Activity:
The response should consist of the data reproduced word for word.
-------- Dataset entries --------
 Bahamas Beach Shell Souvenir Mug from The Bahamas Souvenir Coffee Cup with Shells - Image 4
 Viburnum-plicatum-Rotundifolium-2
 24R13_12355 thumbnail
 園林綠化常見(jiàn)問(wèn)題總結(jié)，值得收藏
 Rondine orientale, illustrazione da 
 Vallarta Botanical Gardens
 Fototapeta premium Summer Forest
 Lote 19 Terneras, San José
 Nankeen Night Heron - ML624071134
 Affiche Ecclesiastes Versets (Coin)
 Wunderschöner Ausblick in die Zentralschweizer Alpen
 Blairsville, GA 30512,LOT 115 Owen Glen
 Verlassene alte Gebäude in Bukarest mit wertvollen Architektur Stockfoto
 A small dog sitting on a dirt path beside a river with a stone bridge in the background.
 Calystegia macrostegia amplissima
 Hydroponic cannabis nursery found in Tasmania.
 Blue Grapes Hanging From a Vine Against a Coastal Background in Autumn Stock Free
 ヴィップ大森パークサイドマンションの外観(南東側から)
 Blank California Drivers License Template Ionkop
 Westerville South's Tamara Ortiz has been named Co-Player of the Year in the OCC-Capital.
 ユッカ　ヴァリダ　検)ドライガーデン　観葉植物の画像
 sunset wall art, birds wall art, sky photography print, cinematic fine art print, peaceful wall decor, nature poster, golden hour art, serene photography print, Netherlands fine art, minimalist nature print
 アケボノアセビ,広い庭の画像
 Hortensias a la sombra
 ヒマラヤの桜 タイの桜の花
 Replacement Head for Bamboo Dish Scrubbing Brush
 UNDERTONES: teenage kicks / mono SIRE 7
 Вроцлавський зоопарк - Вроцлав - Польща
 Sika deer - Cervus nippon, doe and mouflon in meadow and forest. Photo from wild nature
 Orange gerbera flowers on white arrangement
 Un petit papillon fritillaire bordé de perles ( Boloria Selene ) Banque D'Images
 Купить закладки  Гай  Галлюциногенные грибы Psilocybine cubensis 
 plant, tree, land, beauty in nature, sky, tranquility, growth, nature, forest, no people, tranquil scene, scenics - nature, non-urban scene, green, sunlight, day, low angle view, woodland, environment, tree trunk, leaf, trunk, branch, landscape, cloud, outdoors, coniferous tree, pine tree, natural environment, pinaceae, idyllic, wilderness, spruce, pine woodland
--------
Expected answer:
 Bahamas Beach Shell Souvenir Mug from The Bahamas Souvenir Coffee Cup with Shells - Image 4
 Viburnum-plicatum-Rotundifolium-2
 24R13_12355 thumbnail
 園林綠化常見(jiàn)問(wèn)題總結(jié)，值得收藏
 Rondine orientale, illustrazione da 
 Vallarta Botanical Gardens
 Fototapeta premium Summer Forest
 Lote 19 Terneras, San José
 Nankeen Night Heron - ML624071134
 Affiche Ecclesiastes Versets (Coin)
 Wunderschöner Ausblick in die Zentralschweizer Alpen
 Blairsville, GA 30512,LOT 115 Owen Glen
 Verlassene alte Gebäude in Bukarest mit wertvollen Architektur Stockfoto
 A small dog sitting on a dirt path beside a river with a stone bridge in the background.
 Calystegia macrostegia amplissima
 Hydroponic cannabis nursery found in Tasmania.
 Blue Grapes Hanging From a Vine Against a Coastal Background in Autumn Stock Free
 ヴィップ大森パークサイドマンションの外観(南東側から)
 Blank California Drivers License Template Ionkop
 Westerville South's Tamara Ortiz has been named Co-Player of the Year in the OCC-Capital.
 ユッカ　ヴァリダ　検)ドライガーデン　観葉植物の画像
 sunset wall art, birds wall art, sky photography print, cinematic fine art print, peaceful wall decor, nature poster, golden hour art, serene photography print, Netherlands fine art, minimalist nature print
 アケボノアセビ,広い庭の画像
 Hortensias a la sombra
 ヒマラヤの桜 タイの桜の花
 Replacement Head for Bamboo Dish Scrubbing Brush
 UNDERTONES: teenage kicks / mono SIRE 7
 Вроцлавський зоопарк - Вроцлав - Польща
 Sika deer - Cervus nippon, doe and mouflon in meadow and forest. Photo from wild nature
 Orange gerbera flowers on white arrangement
 Un petit papillon fritillaire bordé de perles ( Boloria Selene ) Banque D'Images
 Купить закладки  Гай  Галлюциногенные грибы Psilocybine cubensis 
 plant, tree, land, beauty in nature, sky, tranquility, growth, nature, forest, no people, tranquil scene, scenics - nature, non-urban scene, green, sunlight, day, low angle view, woodland, environment, tree trunk, leaf, trunk, branch, landscape, cloud, outdoors, coniferous tree, pine tree, natural environment, pinaceae, idyllic, wilderness, spruce, pine woodland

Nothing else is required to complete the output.